> _WHAT YOU WILL DO_
Using the line that contains "this 538×390 image." as the start, restate each line word for word through the final line of the material below, and return only those.

> _INPUT FOR THIS TASK_
**********

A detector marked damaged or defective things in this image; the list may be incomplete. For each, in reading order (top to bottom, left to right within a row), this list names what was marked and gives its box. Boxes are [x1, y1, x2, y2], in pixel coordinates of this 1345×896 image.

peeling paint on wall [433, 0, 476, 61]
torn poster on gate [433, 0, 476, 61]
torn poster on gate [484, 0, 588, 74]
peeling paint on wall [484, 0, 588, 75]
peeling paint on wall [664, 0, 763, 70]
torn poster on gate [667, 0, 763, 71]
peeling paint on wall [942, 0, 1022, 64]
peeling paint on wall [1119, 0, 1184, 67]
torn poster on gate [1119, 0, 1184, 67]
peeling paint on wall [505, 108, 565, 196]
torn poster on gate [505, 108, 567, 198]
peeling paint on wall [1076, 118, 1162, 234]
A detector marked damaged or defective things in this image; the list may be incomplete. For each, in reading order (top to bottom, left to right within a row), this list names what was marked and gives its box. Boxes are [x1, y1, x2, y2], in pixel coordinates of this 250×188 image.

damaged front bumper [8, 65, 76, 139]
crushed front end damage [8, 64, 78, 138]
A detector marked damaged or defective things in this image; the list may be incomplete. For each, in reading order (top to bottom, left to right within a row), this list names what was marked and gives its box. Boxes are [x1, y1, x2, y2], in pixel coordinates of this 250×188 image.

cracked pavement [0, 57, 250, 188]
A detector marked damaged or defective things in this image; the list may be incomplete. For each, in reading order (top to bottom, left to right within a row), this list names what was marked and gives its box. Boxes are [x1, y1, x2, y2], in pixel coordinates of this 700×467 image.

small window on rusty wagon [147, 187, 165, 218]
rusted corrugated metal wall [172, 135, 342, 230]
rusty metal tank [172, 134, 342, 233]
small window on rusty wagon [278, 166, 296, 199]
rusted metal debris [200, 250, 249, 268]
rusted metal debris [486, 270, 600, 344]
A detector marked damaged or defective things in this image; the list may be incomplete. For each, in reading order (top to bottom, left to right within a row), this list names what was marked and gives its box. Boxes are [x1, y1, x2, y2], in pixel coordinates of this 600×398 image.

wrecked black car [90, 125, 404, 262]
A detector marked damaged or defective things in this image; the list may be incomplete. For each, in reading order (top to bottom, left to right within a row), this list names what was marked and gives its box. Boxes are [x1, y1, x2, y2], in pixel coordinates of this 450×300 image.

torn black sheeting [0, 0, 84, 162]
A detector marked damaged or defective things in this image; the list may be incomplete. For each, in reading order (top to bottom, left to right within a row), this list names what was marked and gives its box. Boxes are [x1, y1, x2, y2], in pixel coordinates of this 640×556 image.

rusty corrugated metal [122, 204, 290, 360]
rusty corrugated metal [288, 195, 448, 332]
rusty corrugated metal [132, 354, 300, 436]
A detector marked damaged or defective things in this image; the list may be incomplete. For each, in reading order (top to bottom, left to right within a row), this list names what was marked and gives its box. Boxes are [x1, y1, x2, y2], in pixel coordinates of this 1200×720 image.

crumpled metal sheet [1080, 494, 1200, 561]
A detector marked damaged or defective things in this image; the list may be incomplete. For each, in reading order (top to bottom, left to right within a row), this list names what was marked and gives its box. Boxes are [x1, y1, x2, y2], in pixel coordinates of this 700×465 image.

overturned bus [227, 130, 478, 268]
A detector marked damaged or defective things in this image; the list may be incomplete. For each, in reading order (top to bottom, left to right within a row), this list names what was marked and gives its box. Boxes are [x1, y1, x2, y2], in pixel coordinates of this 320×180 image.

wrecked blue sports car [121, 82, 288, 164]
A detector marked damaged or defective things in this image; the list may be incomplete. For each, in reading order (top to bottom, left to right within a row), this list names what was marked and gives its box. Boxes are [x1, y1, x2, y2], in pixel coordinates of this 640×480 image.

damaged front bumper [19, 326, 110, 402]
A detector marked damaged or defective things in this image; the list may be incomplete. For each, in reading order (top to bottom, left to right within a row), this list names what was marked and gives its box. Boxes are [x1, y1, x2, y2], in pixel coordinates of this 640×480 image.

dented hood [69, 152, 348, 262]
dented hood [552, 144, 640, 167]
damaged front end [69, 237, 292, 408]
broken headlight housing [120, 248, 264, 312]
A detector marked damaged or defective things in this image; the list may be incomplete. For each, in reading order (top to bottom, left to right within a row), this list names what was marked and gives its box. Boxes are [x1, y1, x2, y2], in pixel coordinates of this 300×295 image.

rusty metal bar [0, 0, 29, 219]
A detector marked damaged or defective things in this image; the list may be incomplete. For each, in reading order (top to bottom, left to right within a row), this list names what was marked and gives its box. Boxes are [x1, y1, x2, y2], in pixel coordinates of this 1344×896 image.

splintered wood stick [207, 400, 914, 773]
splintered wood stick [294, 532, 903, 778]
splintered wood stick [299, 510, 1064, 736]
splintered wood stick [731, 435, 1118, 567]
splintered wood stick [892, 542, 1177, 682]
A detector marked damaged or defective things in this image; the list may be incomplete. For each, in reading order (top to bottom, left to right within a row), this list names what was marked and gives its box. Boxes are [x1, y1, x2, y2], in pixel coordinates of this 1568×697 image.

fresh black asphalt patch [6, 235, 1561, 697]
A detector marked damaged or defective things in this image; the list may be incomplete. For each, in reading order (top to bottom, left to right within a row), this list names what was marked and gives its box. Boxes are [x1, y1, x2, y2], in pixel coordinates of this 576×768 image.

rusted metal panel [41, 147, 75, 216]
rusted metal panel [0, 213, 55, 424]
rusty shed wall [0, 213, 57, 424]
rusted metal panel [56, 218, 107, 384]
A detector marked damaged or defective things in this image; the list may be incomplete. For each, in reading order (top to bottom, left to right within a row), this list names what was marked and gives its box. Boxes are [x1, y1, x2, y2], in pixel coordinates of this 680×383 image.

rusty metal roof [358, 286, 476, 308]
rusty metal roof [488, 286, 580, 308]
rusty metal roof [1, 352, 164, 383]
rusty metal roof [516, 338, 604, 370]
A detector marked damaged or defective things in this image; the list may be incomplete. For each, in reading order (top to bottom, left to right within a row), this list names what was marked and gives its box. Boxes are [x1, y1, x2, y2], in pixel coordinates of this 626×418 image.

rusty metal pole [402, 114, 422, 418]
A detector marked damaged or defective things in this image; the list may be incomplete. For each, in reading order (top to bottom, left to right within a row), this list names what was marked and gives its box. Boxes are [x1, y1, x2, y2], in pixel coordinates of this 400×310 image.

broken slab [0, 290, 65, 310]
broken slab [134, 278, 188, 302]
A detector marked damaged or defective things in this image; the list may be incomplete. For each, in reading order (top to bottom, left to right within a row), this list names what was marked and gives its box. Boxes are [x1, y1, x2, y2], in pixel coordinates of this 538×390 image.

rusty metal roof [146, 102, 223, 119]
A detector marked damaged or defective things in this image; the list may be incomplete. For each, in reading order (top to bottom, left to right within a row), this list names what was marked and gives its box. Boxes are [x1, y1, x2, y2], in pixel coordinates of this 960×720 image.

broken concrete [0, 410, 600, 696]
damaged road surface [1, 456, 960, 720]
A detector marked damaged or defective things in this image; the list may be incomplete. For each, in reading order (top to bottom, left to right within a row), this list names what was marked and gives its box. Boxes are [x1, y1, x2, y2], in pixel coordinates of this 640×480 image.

**********

> _EXERCISE SOLUTION_
A detector marked damaged or defective things in this image; the list may be incomplete. For each, in reading order (top to bottom, left to right within a row), this list names what was marked and gives its box. Boxes are [x1, y1, x2, y2], in pixel coordinates of this 538×390 image.

rusty metal roof [146, 102, 223, 119]
A detector marked damaged or defective things in this image; the list may be incomplete. For each, in reading order (top to bottom, left to right within a row), this list names what was marked and gives its box. Boxes are [x1, y1, x2, y2], in pixel coordinates of this 960×720 image.

broken concrete [0, 410, 600, 696]
damaged road surface [1, 456, 960, 720]
A detector marked damaged or defective things in this image; the list may be incomplete. For each, in reading order (top to bottom, left to right within a row), this list names what was marked and gives its box. Boxes are [x1, y1, x2, y2], in pixel coordinates of this 640×480 image.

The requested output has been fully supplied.